*Your task*: Return, word for word, the line that contains "this 800×631 image." and every line after it through the end of the records.

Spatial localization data

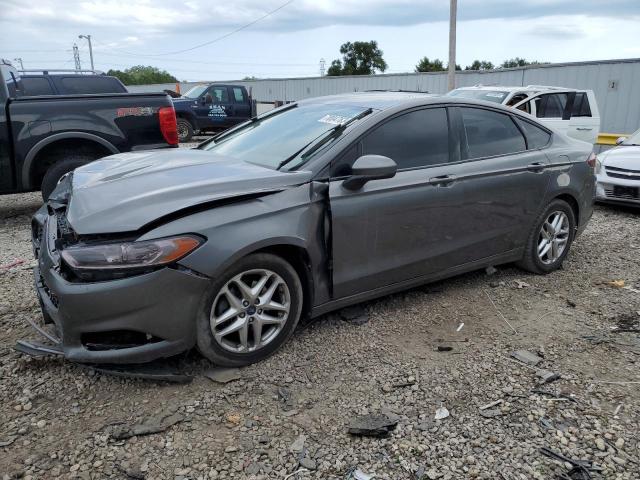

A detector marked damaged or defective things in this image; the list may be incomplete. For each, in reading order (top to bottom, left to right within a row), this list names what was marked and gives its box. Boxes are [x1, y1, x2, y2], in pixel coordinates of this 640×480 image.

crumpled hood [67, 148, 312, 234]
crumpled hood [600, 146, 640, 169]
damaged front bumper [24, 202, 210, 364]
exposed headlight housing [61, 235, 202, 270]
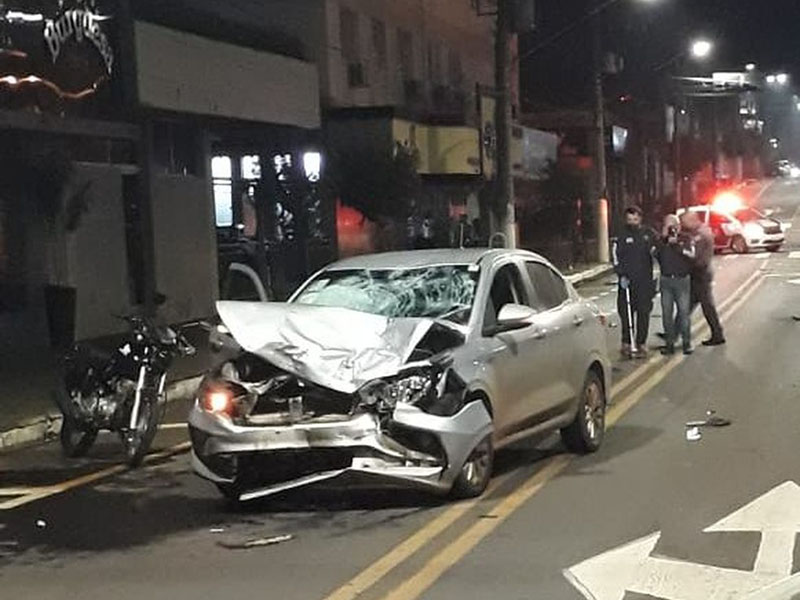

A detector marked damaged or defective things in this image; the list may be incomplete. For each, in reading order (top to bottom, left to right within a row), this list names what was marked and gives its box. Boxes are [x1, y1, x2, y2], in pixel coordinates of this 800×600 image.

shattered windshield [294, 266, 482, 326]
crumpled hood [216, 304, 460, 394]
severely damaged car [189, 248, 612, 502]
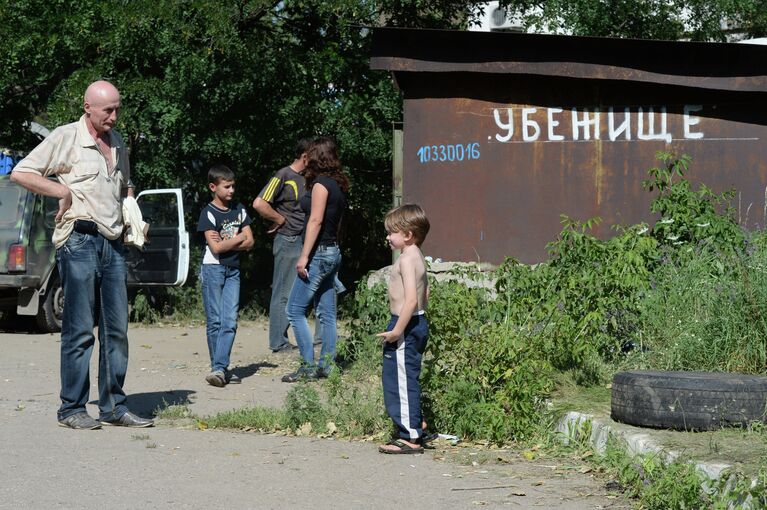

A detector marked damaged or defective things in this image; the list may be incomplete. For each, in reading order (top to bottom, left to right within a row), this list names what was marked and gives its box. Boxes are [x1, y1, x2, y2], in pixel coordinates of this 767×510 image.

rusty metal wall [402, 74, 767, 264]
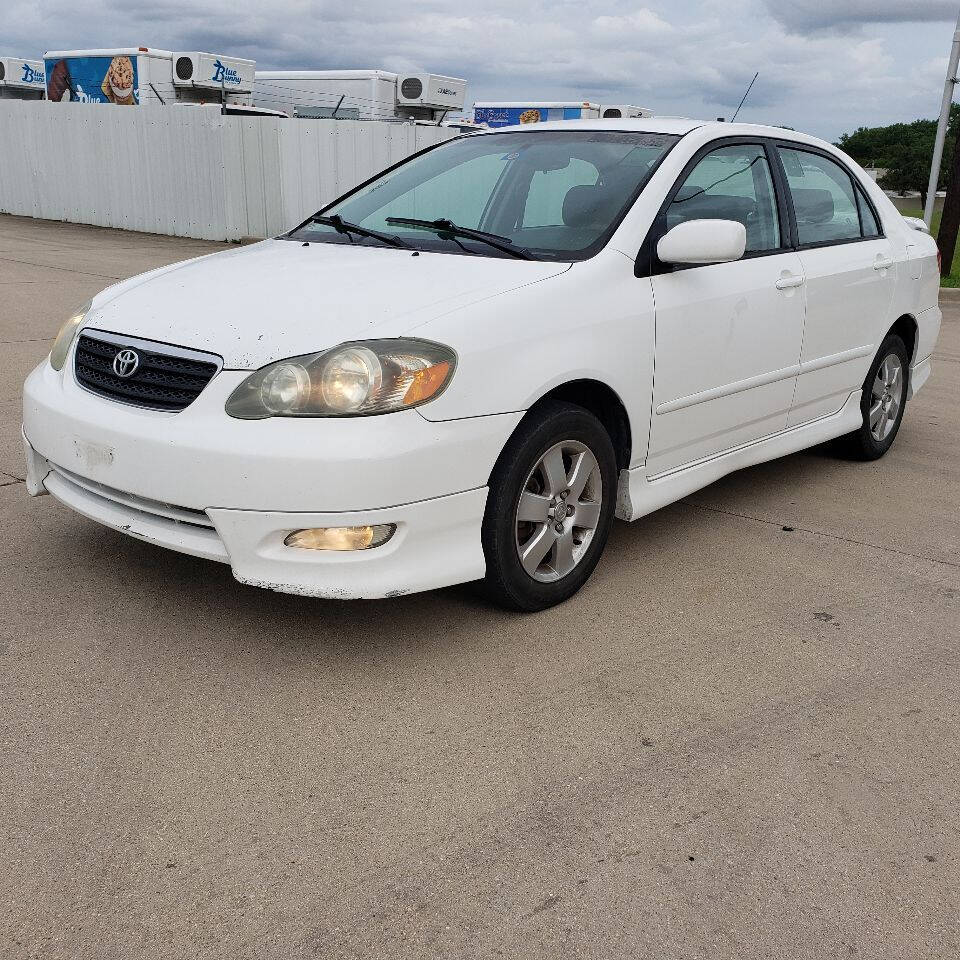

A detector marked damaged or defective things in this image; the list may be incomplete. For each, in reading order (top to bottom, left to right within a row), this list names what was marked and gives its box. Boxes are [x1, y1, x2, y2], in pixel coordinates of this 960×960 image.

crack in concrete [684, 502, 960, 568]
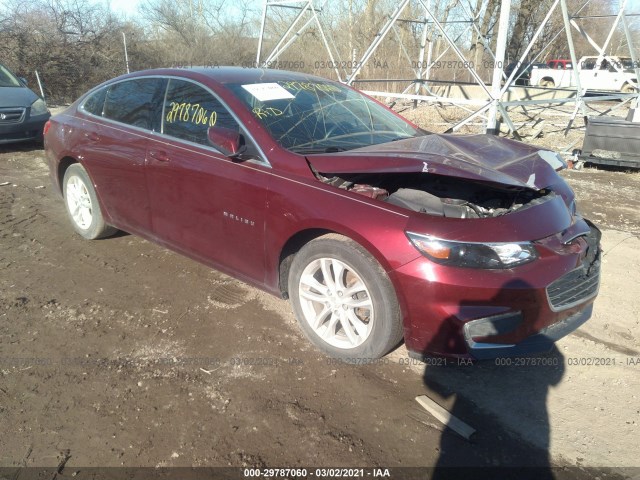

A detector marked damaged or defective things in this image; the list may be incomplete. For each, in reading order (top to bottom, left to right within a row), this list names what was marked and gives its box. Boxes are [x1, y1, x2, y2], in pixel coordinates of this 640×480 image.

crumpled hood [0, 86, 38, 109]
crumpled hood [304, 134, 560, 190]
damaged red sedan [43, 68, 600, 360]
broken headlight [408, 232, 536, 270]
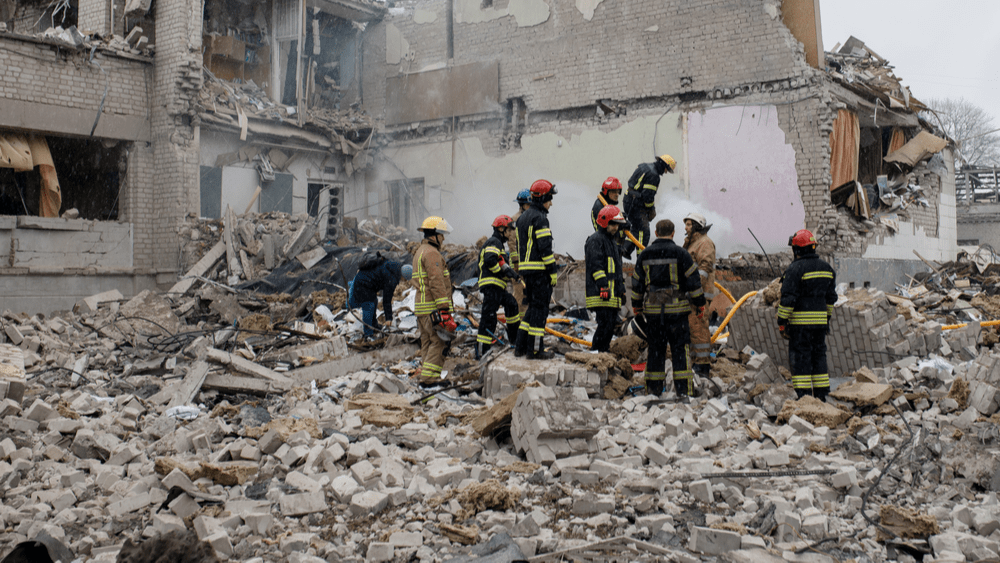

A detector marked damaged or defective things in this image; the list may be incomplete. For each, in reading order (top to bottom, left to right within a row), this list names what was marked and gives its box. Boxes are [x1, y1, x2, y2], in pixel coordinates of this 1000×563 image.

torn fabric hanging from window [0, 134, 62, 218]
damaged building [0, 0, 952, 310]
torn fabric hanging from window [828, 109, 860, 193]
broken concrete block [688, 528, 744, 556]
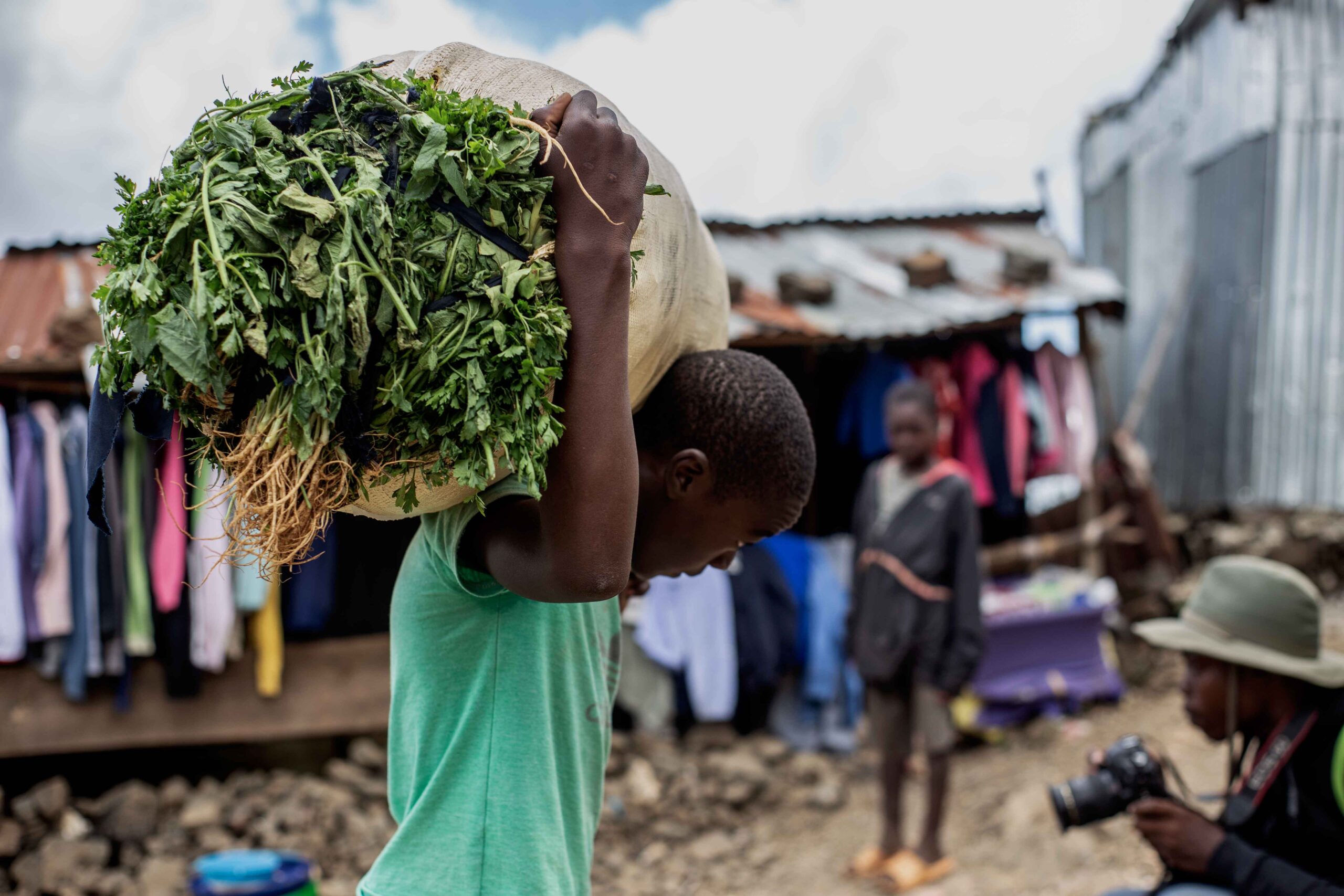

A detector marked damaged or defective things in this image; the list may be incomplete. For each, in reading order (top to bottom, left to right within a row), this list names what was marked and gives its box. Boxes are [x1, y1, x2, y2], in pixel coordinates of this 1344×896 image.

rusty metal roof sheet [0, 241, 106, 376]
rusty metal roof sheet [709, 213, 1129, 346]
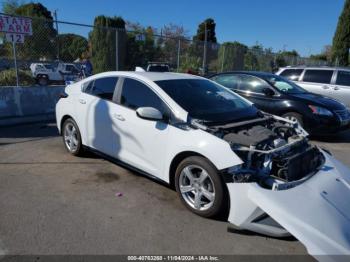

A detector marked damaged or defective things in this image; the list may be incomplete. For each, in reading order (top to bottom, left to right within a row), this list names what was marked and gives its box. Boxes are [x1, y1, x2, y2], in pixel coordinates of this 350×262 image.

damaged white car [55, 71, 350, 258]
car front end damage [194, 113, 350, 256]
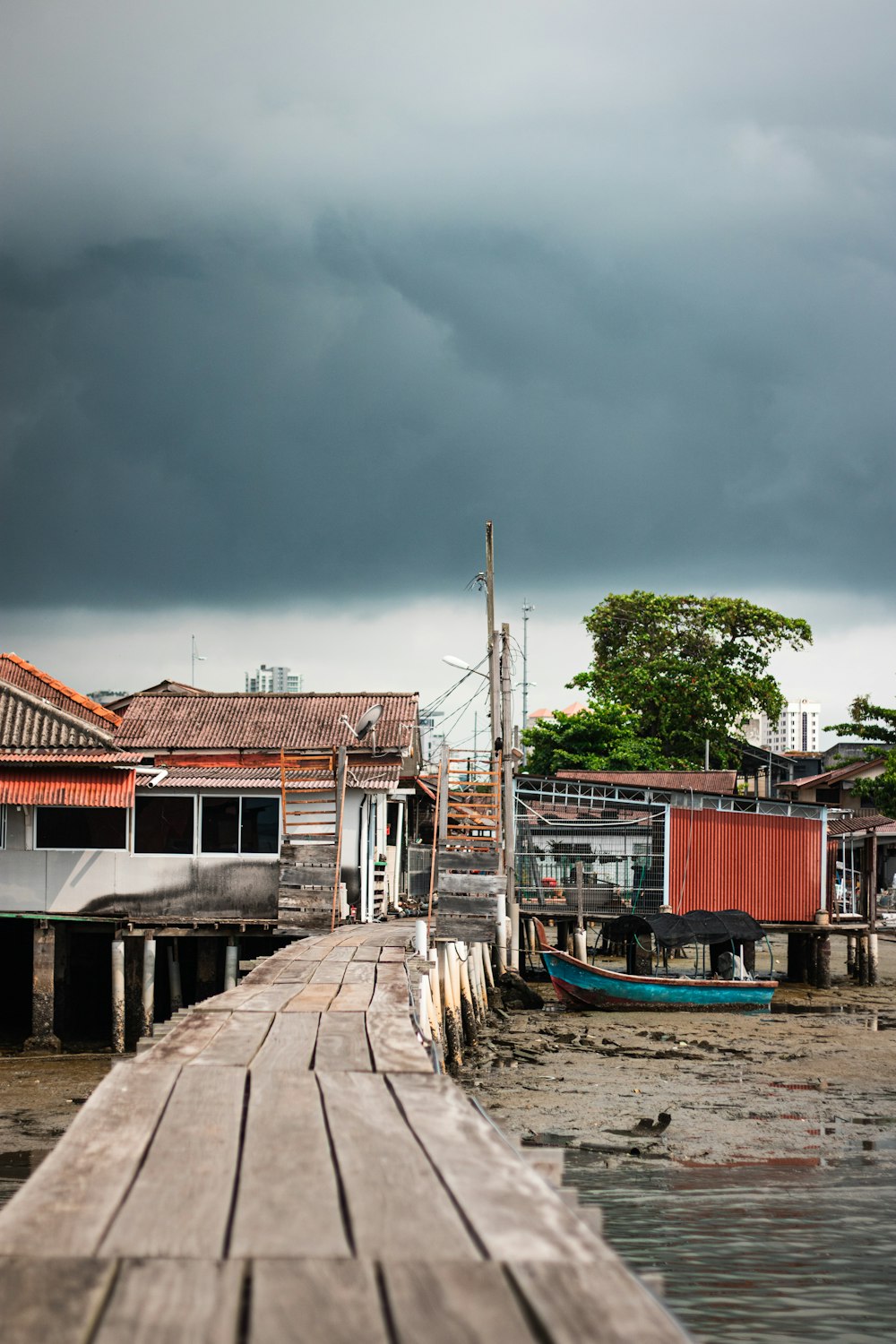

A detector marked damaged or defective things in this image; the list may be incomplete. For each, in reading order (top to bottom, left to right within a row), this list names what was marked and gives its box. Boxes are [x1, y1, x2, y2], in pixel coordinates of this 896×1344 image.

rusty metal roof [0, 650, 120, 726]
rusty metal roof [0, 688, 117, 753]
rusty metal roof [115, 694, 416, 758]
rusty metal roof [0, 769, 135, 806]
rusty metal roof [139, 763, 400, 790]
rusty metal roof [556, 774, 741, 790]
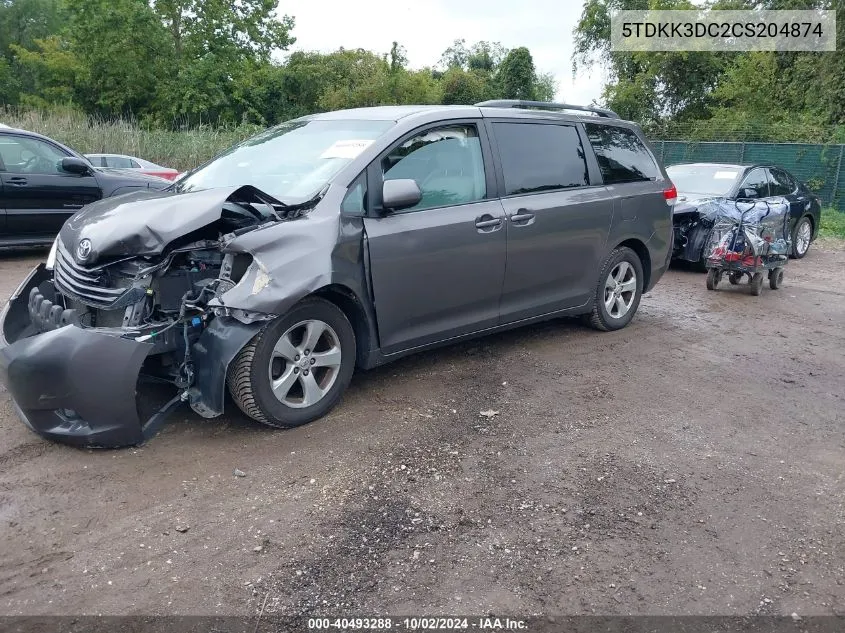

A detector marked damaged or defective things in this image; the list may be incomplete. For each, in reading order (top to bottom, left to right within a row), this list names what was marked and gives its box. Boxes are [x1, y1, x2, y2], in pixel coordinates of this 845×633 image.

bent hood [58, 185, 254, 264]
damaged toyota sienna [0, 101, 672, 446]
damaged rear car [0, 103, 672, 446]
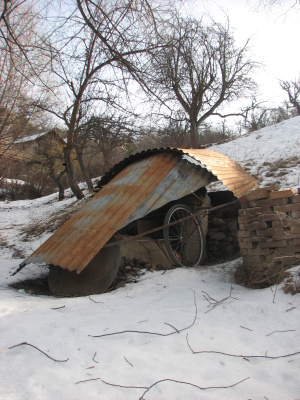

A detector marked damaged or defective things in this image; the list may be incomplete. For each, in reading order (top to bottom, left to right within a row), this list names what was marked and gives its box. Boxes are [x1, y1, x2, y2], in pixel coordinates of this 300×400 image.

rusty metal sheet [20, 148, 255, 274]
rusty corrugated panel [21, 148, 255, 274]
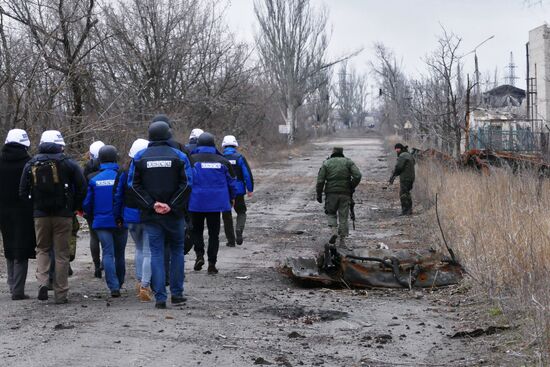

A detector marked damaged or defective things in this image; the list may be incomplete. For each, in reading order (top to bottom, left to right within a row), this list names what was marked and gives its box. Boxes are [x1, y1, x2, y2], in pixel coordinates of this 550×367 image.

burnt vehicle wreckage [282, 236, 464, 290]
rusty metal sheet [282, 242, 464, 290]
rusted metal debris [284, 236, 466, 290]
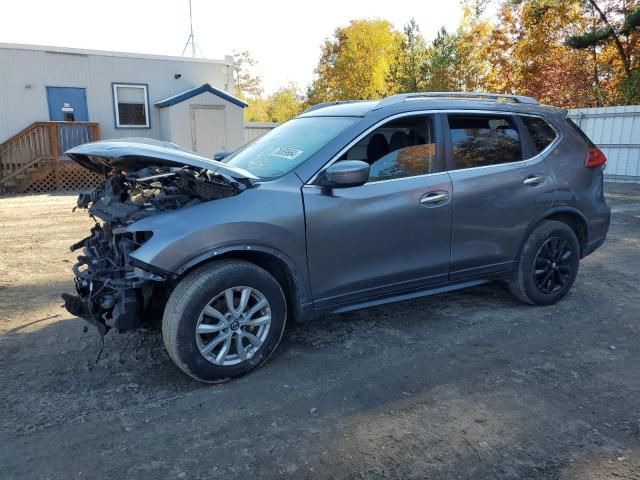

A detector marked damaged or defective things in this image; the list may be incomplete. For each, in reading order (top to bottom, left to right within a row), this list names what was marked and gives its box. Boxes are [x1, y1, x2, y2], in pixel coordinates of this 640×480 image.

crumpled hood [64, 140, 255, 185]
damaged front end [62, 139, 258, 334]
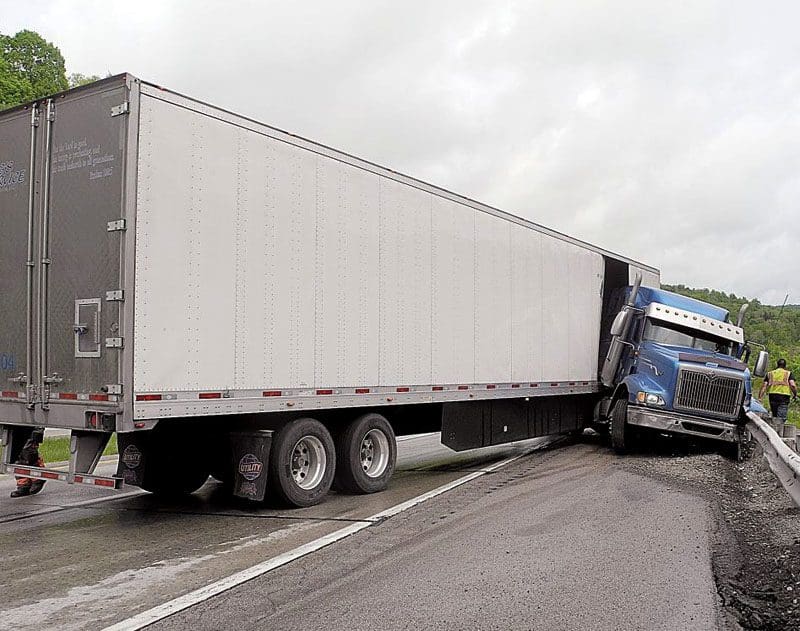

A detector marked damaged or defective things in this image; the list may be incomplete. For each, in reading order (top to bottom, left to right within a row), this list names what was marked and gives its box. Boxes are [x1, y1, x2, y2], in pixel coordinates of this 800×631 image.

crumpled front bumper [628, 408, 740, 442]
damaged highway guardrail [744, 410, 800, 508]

*Task result*:
A detector marked damaged or defective things in this image; the list may be incomplete. For each, in reading order (top to bottom, left to right within a row), this list names what was marked and gives its box. Boxes are [x1, y1, x2, y2], in pixel coordinates of this 800×631 image.

crumpled front bumper [628, 408, 740, 442]
damaged highway guardrail [744, 410, 800, 508]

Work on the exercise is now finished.